Required action –
Your answer should hold exactly the lines below from the line with "New York Giants - Sunday" through the line with "Reebok Womens Club", both included, and no pictures at all.

=====

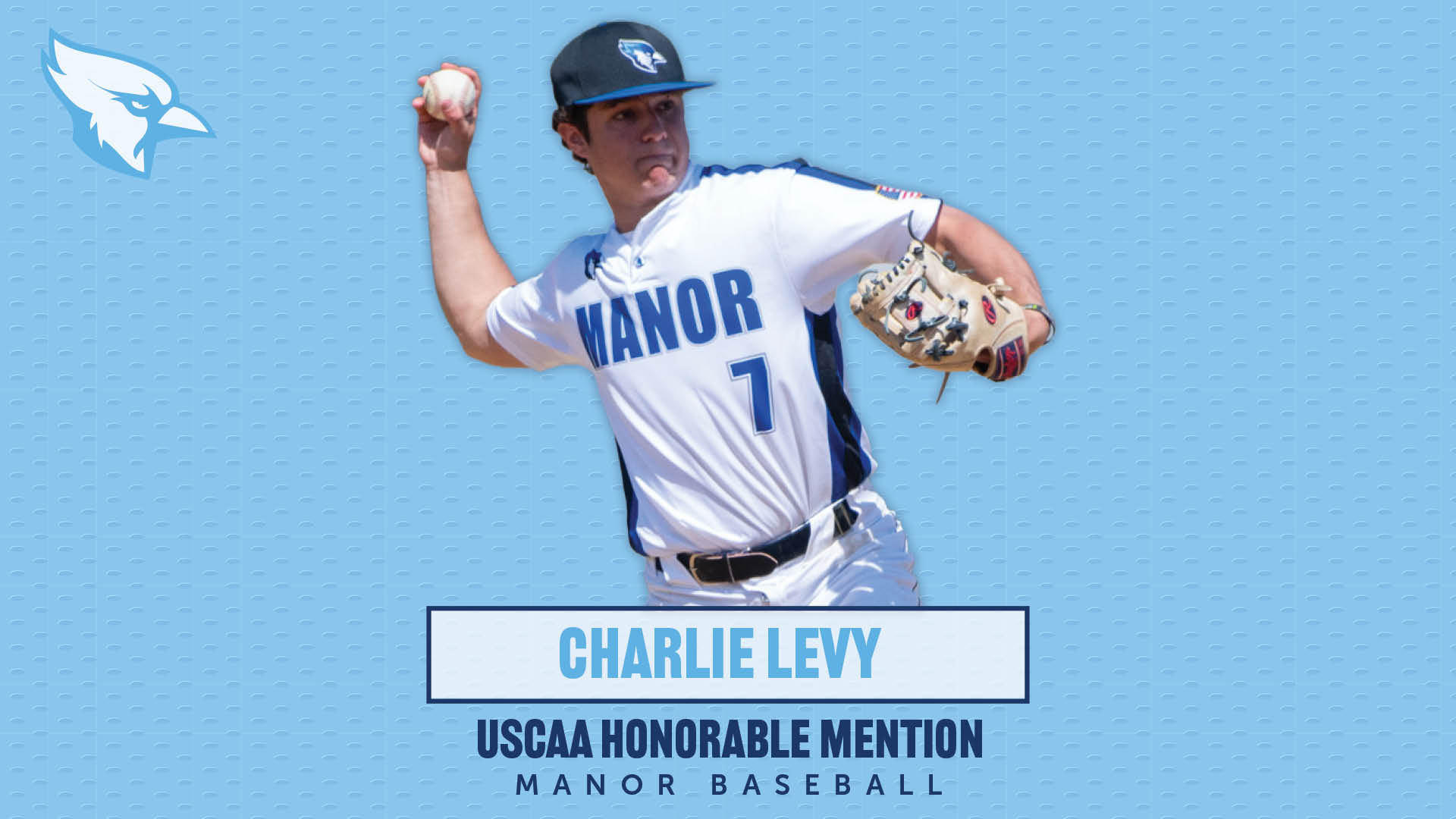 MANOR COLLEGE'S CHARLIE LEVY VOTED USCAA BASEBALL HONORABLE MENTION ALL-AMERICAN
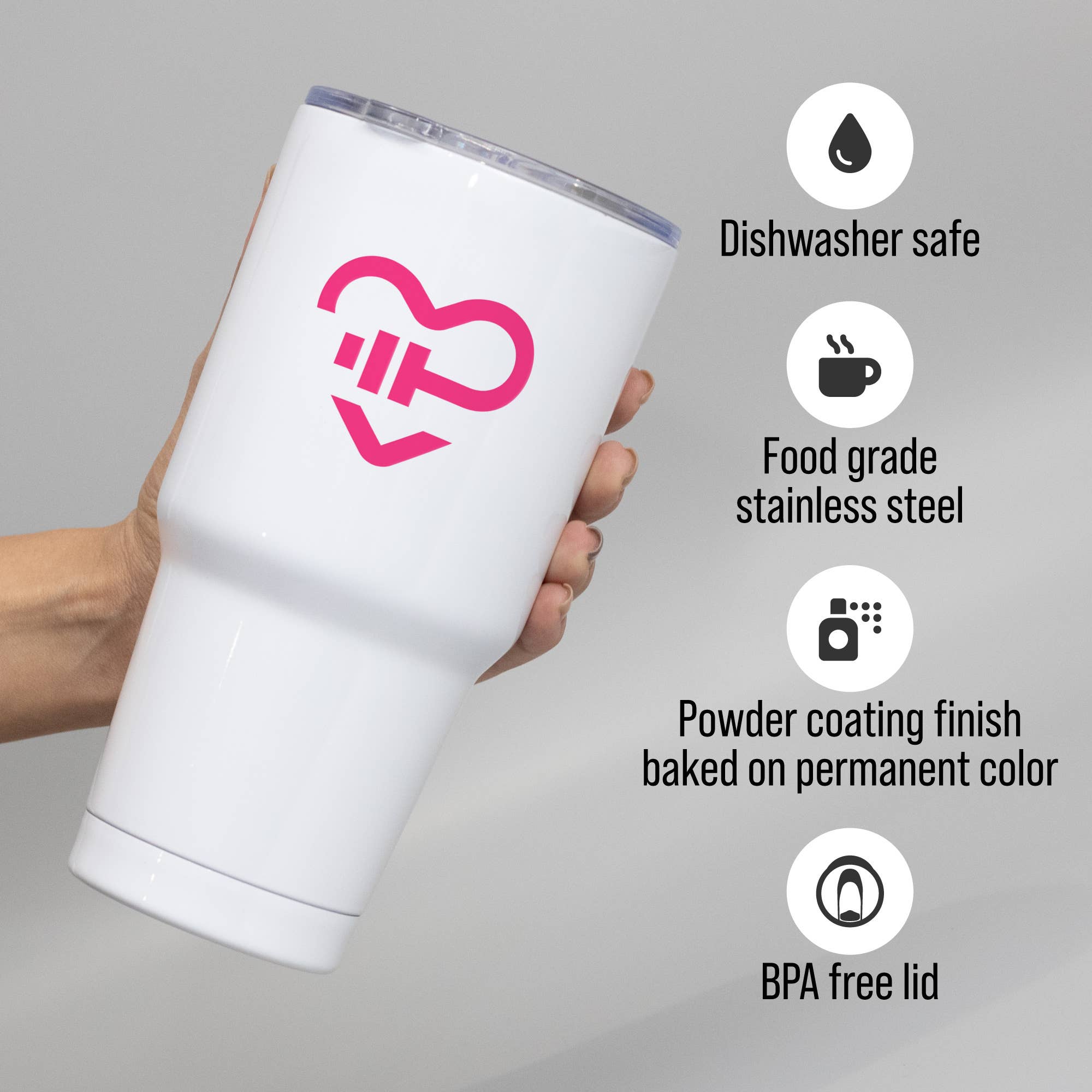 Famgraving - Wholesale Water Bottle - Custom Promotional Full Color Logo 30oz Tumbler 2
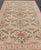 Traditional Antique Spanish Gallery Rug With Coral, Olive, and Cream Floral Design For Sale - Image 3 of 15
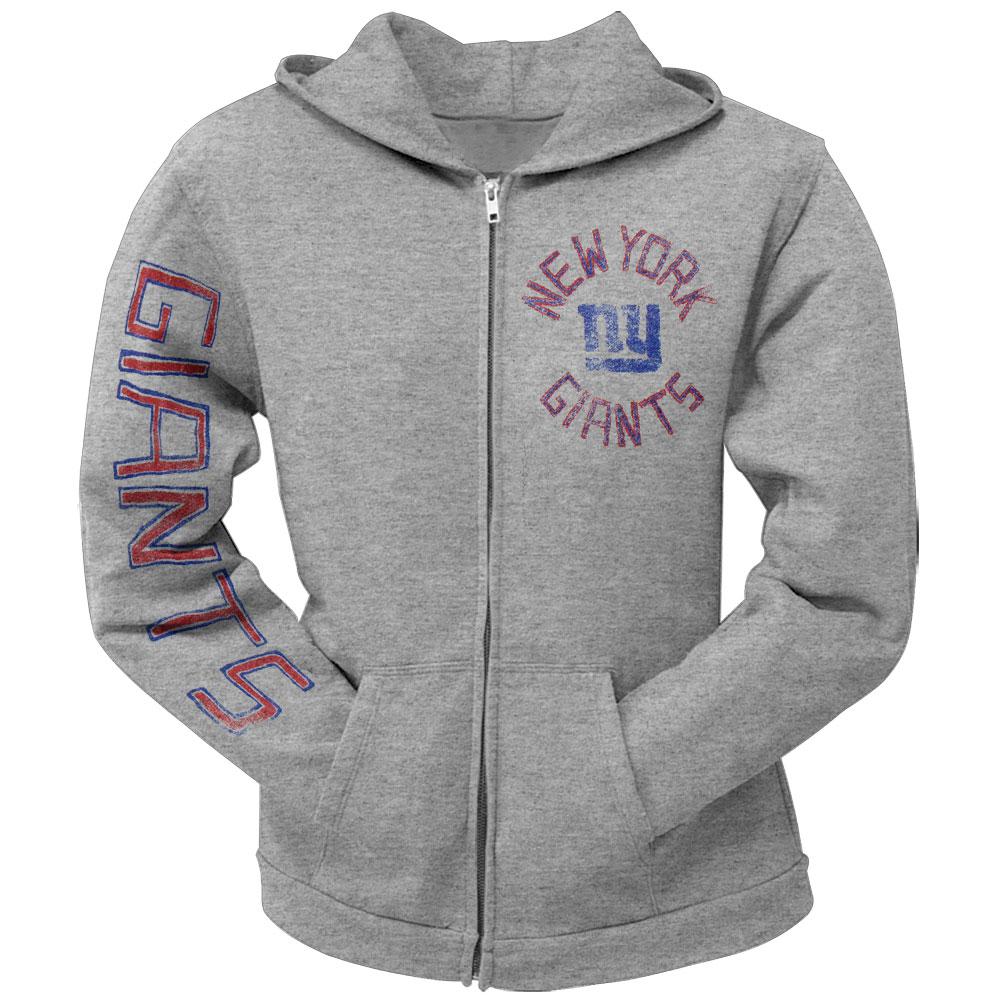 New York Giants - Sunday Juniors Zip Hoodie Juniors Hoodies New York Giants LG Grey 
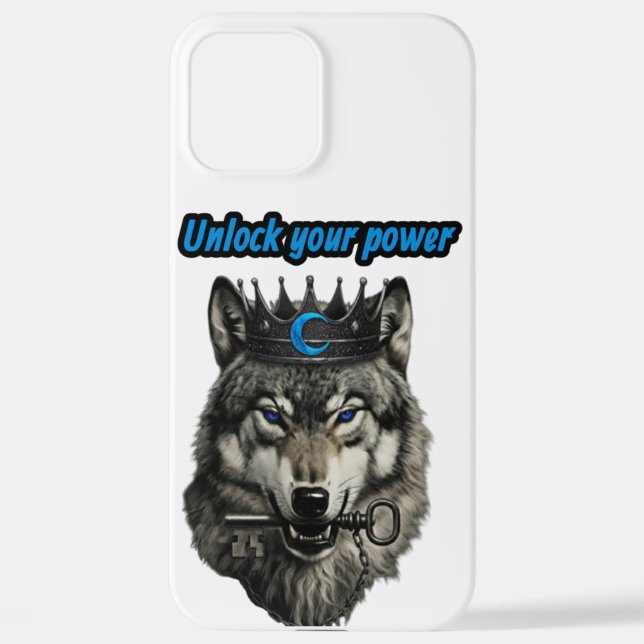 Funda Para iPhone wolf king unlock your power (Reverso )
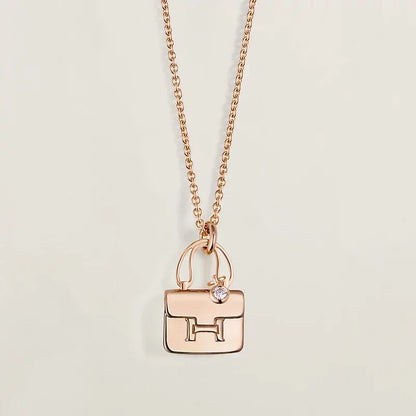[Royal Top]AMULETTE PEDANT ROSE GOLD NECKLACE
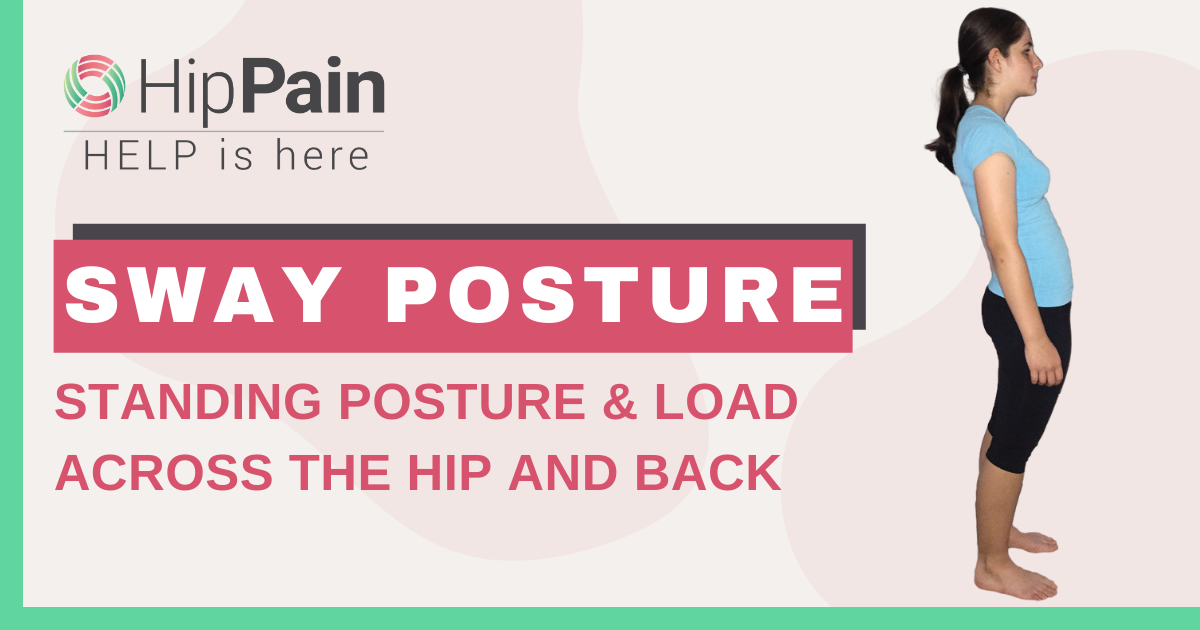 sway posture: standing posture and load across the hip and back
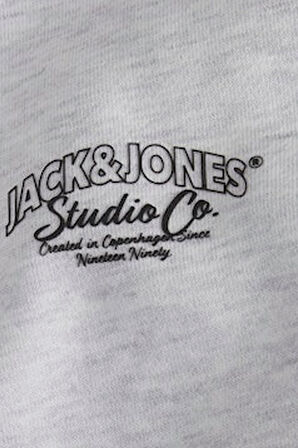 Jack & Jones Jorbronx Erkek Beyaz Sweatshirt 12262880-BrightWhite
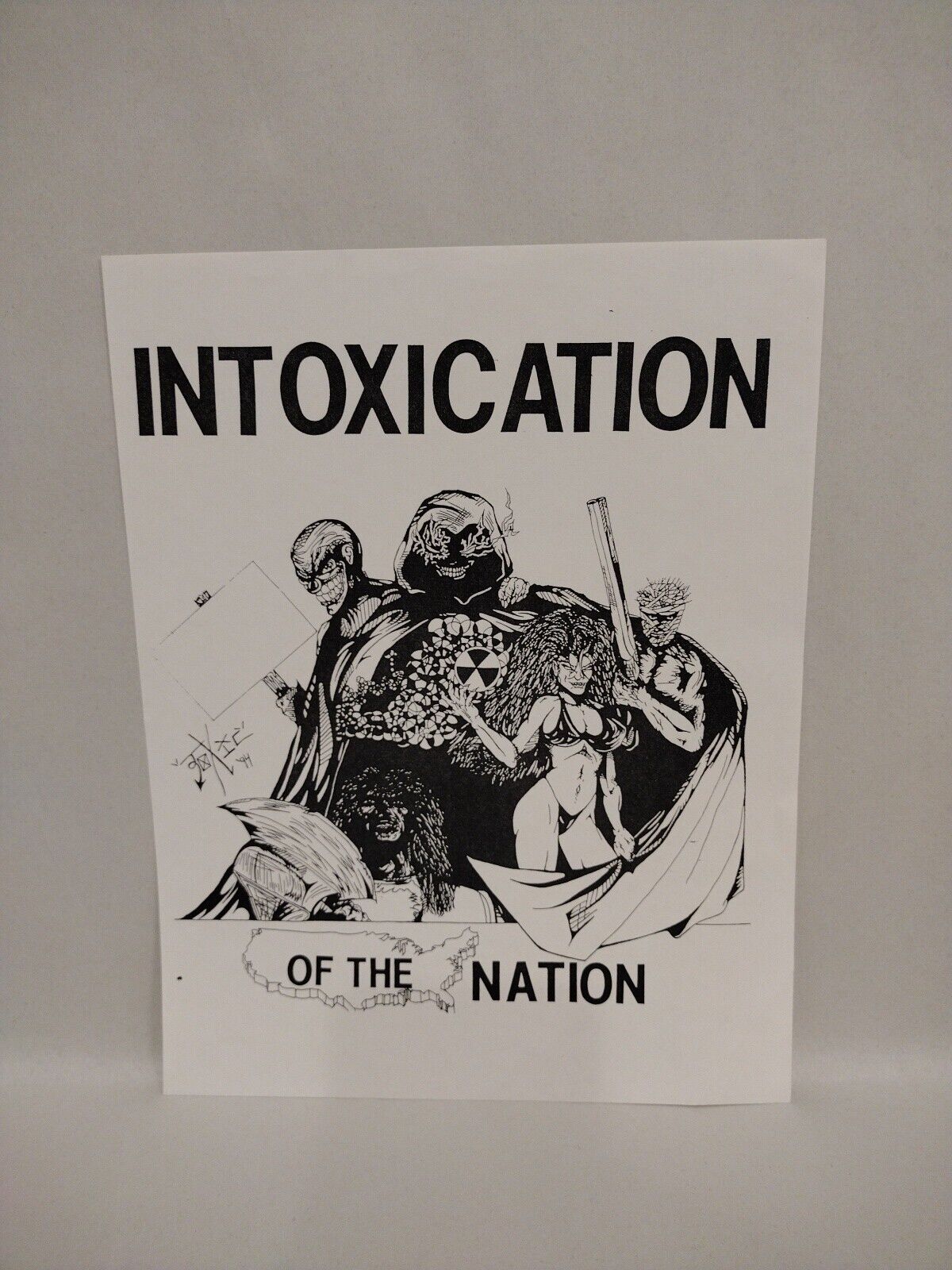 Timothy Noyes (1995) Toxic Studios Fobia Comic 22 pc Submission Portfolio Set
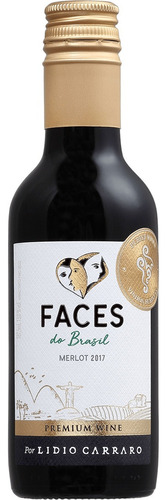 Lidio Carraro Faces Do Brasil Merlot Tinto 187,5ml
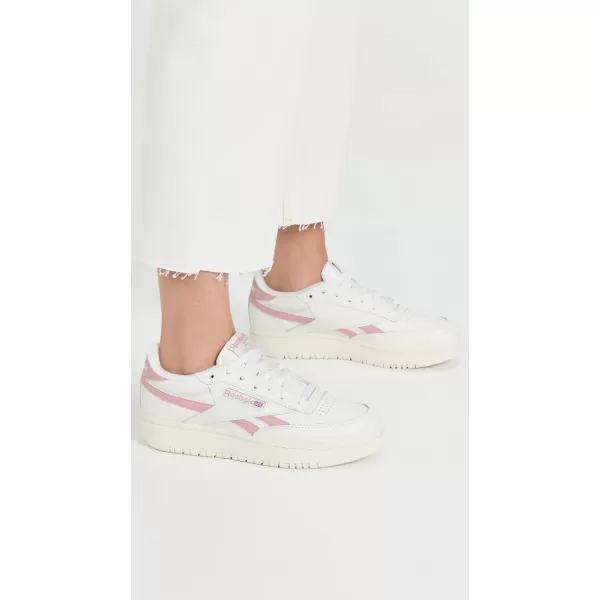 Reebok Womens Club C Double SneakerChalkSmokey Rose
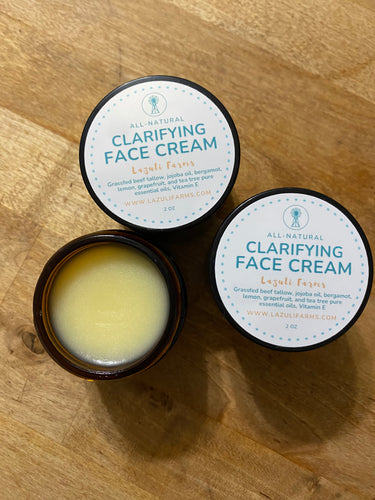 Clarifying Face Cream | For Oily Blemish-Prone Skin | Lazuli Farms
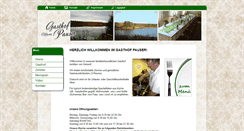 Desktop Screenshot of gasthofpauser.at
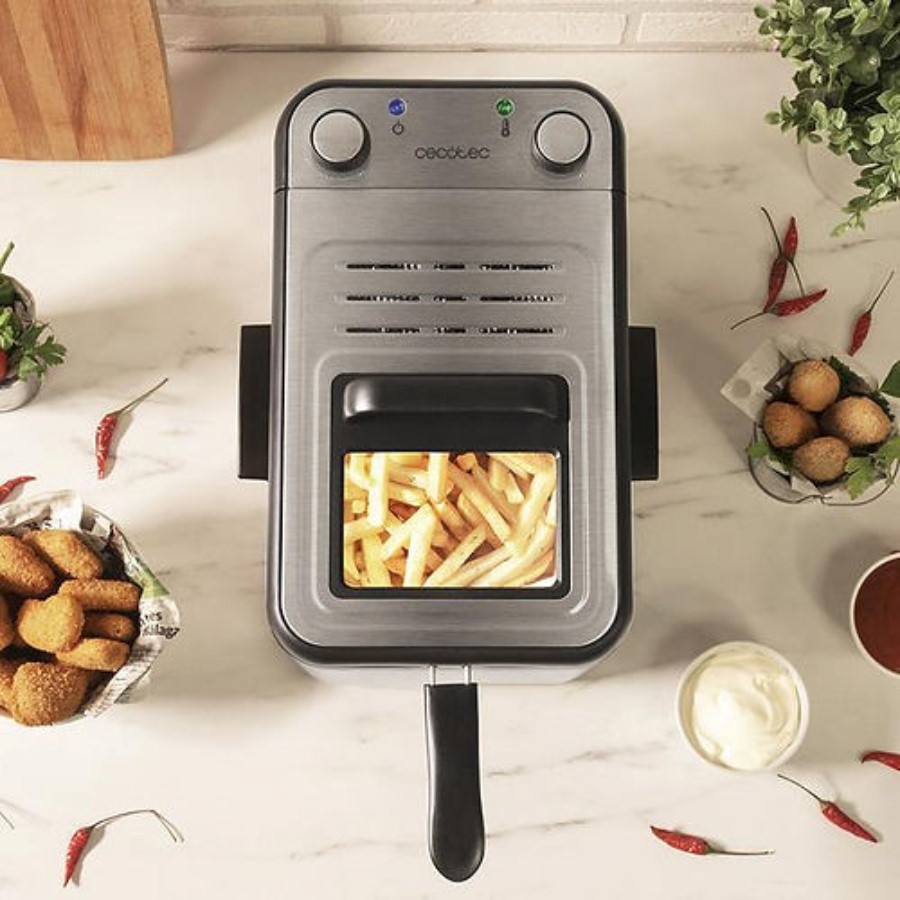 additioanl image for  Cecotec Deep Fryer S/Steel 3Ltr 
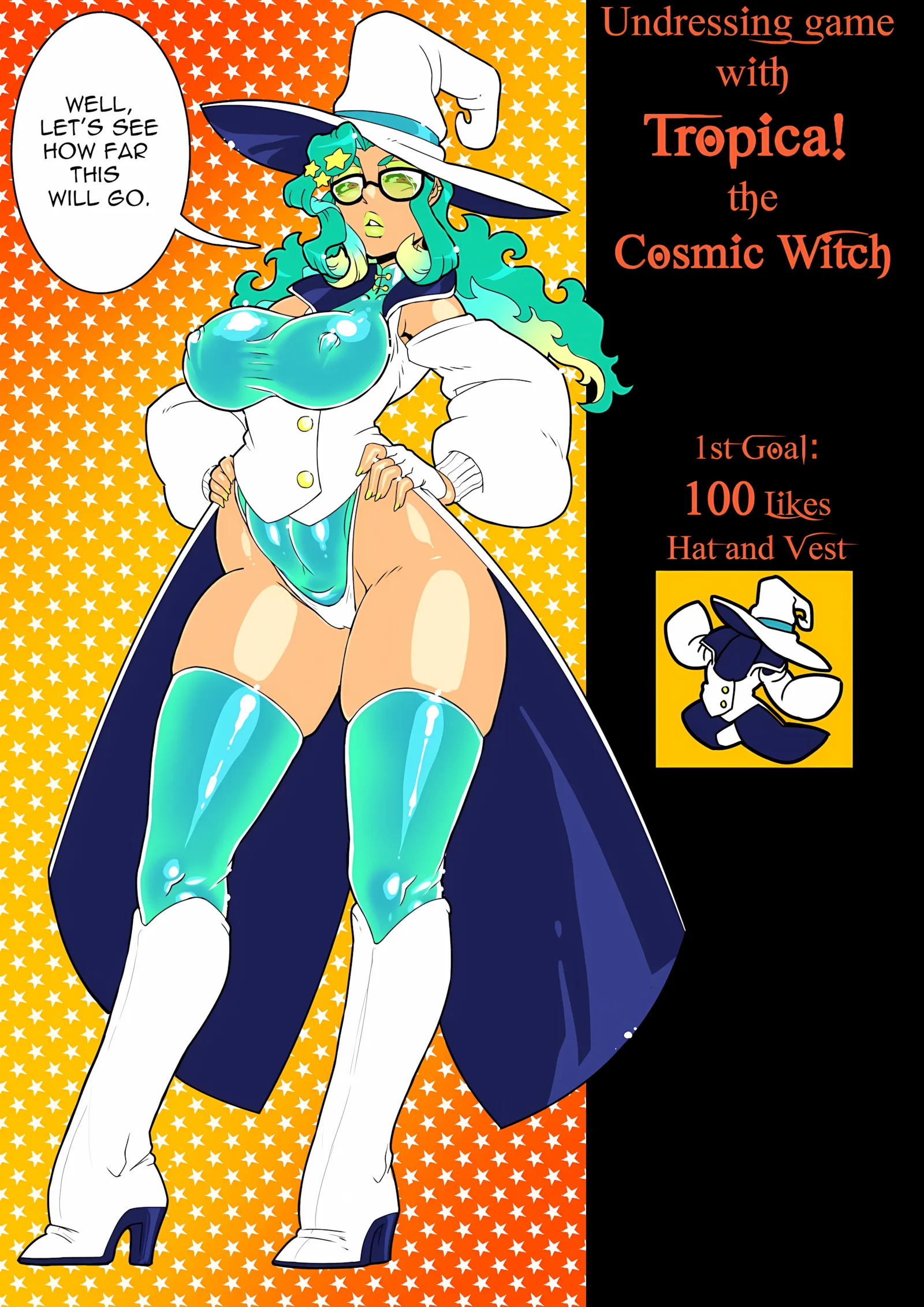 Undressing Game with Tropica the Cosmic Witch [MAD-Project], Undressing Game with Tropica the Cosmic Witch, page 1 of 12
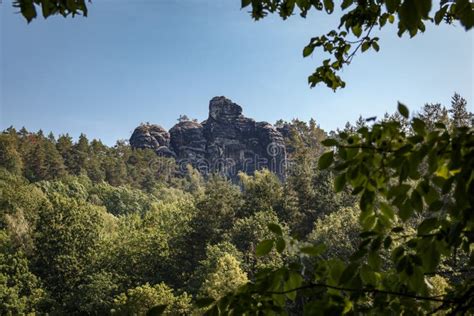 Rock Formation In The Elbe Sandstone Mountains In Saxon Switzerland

=====

Answer to the exercise –
 New York Giants - Sunday Juniors Zip Hoodie Juniors Hoodies New York Giants LG Grey 
 Funda Para iPhone wolf king unlock your power (Reverso )
[Royal Top]AMULETTE PEDANT ROSE GOLD NECKLACE
 sway posture: standing posture and load across the hip and back
 Jack & Jones Jorbronx Erkek Beyaz Sweatshirt 12262880-BrightWhite
 Timothy Noyes (1995) Toxic Studios Fobia Comic 22 pc Submission Portfolio Set
 Lidio Carraro Faces Do Brasil Merlot Tinto 187,5ml
 Reebok Womens Club C Double SneakerChalkSmokey Rose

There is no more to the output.